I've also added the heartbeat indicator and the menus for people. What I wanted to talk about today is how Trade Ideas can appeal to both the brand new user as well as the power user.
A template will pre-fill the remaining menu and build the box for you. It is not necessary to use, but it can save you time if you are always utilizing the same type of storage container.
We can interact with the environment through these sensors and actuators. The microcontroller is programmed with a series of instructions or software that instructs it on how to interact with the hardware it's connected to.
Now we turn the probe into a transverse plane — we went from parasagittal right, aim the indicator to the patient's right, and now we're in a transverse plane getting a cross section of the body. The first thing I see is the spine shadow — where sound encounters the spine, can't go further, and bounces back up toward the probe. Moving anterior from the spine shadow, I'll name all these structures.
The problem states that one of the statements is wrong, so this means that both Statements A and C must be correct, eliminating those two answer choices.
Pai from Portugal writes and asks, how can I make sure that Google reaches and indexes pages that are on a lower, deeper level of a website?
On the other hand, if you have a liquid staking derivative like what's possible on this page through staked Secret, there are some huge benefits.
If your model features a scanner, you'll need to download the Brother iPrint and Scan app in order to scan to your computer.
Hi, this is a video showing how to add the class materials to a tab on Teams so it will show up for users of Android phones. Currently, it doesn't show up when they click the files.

...

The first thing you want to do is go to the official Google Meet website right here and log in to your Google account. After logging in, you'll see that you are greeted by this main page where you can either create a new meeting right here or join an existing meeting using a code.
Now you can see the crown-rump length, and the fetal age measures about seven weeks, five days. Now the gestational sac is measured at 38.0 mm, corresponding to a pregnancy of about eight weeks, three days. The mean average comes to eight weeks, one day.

...

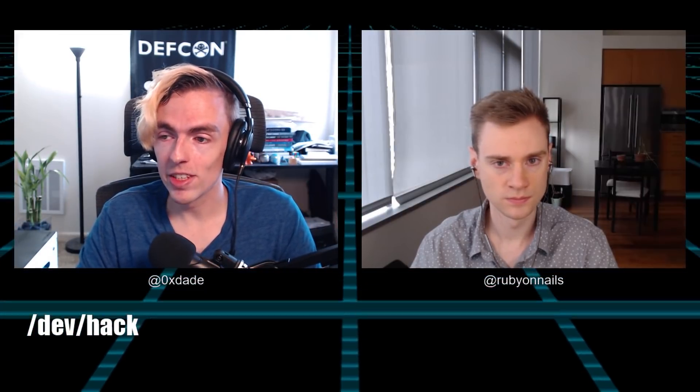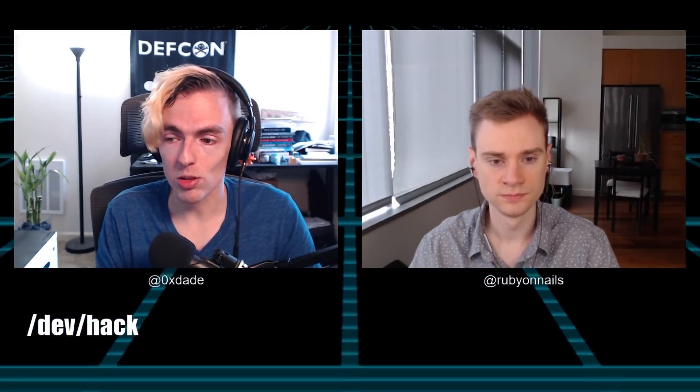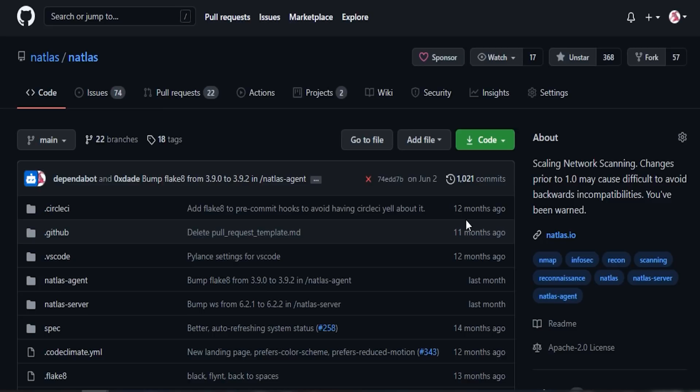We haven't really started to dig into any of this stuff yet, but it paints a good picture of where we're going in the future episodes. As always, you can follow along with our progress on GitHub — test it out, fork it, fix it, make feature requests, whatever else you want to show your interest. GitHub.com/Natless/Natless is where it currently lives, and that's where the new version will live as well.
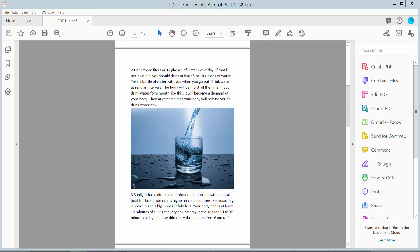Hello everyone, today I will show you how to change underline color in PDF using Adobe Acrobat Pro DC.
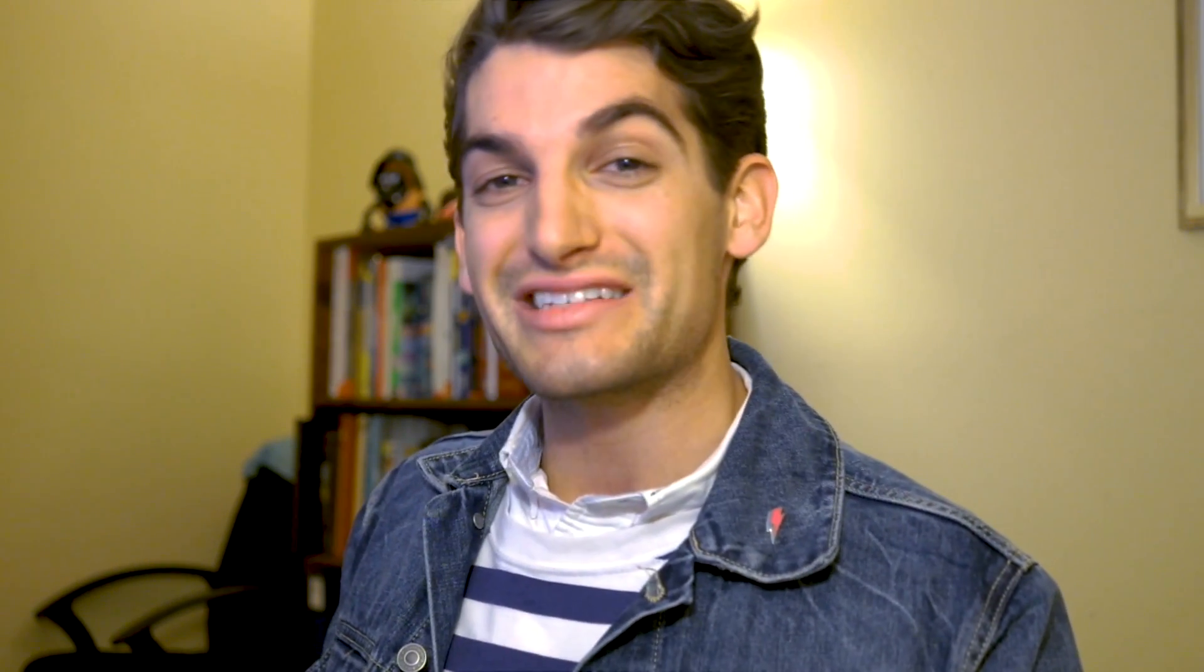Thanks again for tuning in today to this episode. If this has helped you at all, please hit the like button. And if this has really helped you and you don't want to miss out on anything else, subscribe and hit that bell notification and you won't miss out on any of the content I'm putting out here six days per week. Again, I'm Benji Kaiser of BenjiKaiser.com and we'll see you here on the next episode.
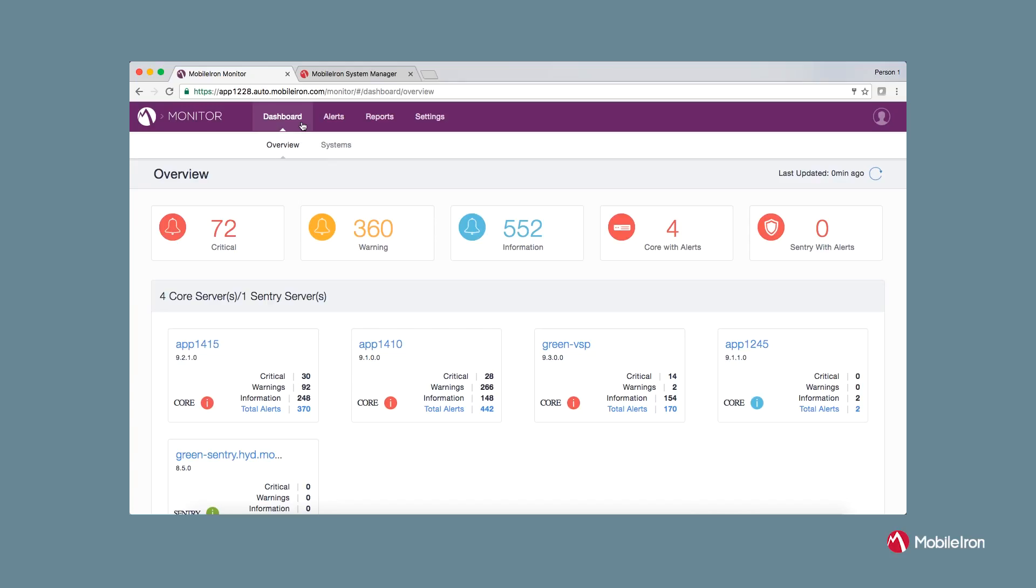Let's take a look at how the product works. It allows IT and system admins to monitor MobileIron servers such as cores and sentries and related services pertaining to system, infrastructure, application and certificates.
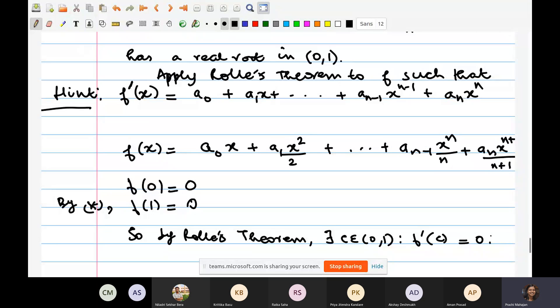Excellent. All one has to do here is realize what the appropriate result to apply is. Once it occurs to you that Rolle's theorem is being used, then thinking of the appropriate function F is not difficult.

# [EXERCISE]
Take the word "first" and find each line of the material that contains it. Copy those lines.

# [SOLUTION]
Now we turn the probe into a transverse plane — we went from parasagittal right, aim the indicator to the patient's right, and now we're in a transverse plane getting a cross section of the body. The first thing I see is the spine shadow — where sound encounters the spine, can't go further, and bounces back up toward the probe. Moving anterior from the spine shadow, I'll name all these structures.
The first thing you want to do is go to the official Google Meet website right here and log in to your Google account. After logging in, you'll see that you are greeted by this main page where you can either create a new meeting right here or join an existing meeting using a code.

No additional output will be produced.